### [EXERCISE DATA]
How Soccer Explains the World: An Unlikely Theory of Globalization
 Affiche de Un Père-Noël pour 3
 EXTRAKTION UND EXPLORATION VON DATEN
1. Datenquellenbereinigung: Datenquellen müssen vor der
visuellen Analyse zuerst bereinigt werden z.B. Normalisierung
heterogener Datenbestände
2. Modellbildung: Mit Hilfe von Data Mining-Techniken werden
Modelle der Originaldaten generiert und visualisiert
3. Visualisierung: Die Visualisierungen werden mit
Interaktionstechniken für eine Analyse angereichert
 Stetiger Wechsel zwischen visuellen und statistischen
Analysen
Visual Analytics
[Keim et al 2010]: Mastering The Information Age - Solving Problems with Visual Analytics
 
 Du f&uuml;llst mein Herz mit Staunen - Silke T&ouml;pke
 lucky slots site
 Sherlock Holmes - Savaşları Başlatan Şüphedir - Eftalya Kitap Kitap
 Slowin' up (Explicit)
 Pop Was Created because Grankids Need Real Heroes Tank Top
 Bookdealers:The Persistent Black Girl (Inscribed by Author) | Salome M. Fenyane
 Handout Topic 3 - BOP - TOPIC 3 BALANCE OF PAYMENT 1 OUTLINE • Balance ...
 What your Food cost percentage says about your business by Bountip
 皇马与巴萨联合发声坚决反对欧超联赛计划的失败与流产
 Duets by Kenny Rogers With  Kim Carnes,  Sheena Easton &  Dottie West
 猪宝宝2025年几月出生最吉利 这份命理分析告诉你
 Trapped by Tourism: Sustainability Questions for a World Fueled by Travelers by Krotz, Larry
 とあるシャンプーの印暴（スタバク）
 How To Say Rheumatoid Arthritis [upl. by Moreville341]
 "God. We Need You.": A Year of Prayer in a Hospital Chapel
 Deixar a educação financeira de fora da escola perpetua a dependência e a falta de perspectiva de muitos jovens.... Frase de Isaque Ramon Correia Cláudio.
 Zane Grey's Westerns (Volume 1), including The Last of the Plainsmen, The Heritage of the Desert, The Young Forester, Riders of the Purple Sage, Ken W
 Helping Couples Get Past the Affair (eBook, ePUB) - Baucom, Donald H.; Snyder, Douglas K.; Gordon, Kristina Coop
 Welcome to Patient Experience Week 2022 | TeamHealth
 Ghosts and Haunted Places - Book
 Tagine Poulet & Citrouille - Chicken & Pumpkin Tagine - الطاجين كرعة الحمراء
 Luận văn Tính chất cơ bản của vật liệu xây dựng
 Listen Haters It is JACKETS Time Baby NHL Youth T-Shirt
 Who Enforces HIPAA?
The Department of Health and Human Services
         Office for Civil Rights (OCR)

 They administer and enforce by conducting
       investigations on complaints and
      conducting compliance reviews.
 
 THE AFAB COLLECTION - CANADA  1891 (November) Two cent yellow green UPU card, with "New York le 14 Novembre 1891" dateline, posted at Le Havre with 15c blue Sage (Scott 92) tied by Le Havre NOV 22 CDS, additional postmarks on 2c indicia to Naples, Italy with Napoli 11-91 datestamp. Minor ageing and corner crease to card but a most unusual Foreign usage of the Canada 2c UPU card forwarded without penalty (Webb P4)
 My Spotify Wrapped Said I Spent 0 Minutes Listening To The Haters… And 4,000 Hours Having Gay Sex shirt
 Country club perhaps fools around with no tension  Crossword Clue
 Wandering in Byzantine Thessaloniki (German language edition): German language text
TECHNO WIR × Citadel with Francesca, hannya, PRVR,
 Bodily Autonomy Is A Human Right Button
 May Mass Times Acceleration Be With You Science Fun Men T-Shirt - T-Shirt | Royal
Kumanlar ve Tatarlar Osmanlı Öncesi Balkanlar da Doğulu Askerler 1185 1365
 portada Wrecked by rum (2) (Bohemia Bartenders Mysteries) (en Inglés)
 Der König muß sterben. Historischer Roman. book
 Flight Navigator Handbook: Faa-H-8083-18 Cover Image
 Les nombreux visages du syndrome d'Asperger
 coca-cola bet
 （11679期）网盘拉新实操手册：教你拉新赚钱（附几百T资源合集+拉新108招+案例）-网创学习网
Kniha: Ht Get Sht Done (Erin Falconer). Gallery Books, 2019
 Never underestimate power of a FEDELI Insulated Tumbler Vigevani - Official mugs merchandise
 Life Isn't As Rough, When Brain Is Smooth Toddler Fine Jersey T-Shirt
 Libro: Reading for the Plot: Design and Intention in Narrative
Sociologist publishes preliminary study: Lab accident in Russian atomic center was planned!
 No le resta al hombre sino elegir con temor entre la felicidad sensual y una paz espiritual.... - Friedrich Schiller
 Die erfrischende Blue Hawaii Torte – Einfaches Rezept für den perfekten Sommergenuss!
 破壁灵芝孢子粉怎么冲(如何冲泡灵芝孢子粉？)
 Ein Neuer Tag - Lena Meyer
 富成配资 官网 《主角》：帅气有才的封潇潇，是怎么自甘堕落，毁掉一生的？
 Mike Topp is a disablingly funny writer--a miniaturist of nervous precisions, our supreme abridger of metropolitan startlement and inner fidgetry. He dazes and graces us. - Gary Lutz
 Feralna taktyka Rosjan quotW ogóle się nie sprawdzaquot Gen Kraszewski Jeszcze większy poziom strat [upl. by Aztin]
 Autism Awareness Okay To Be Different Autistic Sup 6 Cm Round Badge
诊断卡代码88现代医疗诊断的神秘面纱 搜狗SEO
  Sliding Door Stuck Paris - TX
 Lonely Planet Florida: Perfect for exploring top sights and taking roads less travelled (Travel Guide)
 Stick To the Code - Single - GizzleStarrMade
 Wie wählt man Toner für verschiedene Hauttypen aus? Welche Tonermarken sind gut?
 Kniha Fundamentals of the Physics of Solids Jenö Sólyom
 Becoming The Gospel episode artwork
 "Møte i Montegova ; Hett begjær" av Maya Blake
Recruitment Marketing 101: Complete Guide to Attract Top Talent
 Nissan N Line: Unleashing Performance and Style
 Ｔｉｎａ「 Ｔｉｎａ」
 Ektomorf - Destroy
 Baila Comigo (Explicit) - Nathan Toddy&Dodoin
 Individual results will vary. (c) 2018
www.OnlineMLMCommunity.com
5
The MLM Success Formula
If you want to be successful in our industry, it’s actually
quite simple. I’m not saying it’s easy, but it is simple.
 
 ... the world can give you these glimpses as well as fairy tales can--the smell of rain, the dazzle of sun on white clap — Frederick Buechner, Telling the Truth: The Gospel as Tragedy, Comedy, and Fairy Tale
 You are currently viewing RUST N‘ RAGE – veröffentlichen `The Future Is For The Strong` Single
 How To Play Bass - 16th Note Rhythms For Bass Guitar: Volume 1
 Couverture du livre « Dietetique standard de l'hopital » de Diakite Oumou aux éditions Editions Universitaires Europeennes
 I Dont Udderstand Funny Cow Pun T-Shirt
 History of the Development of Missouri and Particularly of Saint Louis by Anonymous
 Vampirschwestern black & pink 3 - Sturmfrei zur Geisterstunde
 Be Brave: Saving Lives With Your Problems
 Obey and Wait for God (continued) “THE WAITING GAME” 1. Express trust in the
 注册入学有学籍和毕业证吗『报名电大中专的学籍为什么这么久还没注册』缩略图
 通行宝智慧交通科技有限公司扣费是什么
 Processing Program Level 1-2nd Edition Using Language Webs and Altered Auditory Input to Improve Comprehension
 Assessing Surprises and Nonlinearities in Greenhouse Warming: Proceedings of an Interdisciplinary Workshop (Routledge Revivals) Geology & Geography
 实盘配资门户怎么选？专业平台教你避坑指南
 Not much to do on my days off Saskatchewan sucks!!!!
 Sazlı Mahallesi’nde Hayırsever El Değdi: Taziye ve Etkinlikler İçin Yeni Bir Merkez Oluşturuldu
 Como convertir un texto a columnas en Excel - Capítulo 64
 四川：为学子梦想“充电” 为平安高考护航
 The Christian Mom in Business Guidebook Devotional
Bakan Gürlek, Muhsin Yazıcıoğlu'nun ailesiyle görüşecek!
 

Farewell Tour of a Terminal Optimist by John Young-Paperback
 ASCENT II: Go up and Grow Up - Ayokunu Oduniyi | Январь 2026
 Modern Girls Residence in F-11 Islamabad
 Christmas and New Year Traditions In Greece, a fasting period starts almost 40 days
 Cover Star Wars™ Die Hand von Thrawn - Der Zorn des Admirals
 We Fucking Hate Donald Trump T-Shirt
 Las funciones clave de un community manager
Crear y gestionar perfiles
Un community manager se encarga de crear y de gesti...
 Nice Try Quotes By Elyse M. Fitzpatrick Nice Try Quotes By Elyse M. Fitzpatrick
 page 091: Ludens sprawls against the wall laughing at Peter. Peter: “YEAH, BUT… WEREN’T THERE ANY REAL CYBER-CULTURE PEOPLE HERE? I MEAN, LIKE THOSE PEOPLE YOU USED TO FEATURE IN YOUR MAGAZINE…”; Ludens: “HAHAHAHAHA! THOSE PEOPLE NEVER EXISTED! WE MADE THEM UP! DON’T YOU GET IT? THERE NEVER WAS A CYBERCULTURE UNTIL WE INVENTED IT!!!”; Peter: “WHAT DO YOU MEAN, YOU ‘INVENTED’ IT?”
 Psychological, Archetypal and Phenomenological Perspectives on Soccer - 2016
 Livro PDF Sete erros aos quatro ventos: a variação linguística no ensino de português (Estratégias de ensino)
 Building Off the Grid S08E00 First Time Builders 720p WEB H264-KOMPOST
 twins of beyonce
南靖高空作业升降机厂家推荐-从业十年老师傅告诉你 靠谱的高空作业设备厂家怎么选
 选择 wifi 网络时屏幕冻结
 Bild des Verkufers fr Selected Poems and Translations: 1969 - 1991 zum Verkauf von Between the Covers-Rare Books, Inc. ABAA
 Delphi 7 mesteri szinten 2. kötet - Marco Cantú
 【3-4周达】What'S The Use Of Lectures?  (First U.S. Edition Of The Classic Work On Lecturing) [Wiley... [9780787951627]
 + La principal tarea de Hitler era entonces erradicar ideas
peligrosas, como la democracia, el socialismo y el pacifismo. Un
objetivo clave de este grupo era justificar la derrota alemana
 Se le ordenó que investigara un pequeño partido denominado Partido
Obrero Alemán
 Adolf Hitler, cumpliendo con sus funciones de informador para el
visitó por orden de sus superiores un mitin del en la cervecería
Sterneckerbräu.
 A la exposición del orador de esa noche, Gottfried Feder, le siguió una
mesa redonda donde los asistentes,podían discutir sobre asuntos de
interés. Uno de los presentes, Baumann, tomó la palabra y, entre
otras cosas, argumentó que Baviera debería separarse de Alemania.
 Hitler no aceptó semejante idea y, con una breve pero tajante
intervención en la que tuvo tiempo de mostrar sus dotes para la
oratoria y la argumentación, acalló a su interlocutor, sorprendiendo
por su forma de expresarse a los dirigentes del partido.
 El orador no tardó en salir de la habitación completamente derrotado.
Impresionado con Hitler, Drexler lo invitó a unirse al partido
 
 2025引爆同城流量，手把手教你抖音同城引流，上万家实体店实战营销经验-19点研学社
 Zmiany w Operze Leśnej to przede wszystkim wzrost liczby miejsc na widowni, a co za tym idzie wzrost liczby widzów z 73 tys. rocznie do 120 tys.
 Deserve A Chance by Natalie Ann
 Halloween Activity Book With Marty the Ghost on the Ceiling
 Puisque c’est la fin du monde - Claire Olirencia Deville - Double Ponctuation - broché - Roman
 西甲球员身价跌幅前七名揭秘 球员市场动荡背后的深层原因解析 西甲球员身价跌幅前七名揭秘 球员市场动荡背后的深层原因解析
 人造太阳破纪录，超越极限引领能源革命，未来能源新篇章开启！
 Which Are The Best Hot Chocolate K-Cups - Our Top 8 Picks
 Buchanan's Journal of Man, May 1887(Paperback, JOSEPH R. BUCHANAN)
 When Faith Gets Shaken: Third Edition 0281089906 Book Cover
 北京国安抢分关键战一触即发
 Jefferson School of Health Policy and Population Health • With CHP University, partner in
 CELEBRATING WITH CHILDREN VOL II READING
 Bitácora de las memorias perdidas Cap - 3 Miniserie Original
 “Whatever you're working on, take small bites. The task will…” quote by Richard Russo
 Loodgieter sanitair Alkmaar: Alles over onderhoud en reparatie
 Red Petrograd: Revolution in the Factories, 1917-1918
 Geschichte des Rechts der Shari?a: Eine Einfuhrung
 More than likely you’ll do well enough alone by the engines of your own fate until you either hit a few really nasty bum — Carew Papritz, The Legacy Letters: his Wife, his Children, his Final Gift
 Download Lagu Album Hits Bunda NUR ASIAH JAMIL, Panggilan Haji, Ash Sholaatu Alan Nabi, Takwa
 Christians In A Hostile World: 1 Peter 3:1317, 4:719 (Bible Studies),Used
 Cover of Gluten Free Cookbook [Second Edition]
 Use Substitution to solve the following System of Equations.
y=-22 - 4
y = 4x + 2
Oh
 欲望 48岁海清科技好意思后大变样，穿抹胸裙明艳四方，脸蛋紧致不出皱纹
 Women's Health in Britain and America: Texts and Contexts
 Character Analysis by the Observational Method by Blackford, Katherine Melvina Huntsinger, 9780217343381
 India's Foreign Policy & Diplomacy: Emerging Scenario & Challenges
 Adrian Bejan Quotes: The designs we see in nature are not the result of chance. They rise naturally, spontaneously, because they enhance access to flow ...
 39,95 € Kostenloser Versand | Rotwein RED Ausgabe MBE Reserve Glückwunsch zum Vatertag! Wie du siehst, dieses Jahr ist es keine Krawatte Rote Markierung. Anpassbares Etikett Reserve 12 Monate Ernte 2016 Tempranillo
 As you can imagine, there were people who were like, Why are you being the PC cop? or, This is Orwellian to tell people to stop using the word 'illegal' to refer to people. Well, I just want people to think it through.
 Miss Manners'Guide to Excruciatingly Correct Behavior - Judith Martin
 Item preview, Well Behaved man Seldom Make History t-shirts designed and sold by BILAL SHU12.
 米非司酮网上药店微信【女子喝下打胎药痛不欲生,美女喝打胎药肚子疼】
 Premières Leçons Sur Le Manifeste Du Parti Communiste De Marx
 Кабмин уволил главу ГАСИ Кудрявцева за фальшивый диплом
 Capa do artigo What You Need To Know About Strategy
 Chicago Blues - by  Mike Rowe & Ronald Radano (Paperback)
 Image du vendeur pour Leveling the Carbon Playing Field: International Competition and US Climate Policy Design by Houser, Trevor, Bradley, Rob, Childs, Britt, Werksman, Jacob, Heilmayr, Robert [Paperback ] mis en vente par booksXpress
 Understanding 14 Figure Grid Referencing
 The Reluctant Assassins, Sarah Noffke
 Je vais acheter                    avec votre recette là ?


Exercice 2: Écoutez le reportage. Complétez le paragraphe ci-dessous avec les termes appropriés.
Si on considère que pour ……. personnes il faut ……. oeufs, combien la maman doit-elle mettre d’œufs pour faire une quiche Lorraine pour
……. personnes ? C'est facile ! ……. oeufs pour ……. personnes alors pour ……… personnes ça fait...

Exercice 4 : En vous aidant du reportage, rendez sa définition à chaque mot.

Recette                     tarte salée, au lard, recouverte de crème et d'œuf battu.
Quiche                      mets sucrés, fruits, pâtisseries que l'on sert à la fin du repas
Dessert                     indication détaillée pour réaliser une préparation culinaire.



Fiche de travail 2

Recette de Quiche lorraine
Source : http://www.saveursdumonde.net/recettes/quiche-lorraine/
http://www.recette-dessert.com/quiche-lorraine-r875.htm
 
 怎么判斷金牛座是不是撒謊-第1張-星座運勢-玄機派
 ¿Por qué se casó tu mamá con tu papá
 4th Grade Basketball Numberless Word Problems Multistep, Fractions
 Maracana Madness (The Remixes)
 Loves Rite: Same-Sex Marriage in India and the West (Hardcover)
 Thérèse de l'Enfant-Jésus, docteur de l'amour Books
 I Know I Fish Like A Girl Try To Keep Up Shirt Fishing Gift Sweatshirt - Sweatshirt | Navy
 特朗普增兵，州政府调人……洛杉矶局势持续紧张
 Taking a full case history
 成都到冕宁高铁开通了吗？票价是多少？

### [INSTRUCTIONS TO FOLLOW]
Within the records, filter for lines that contain the word "personnes" and show each one.

### [REPLY TO THE TASK]
Si on considère que pour ……. personnes il faut ……. oeufs, combien la maman doit-elle mettre d’œufs pour faire une quiche Lorraine pour
……. personnes ? C'est facile ! ……. oeufs pour ……. personnes alors pour ……… personnes ça fait...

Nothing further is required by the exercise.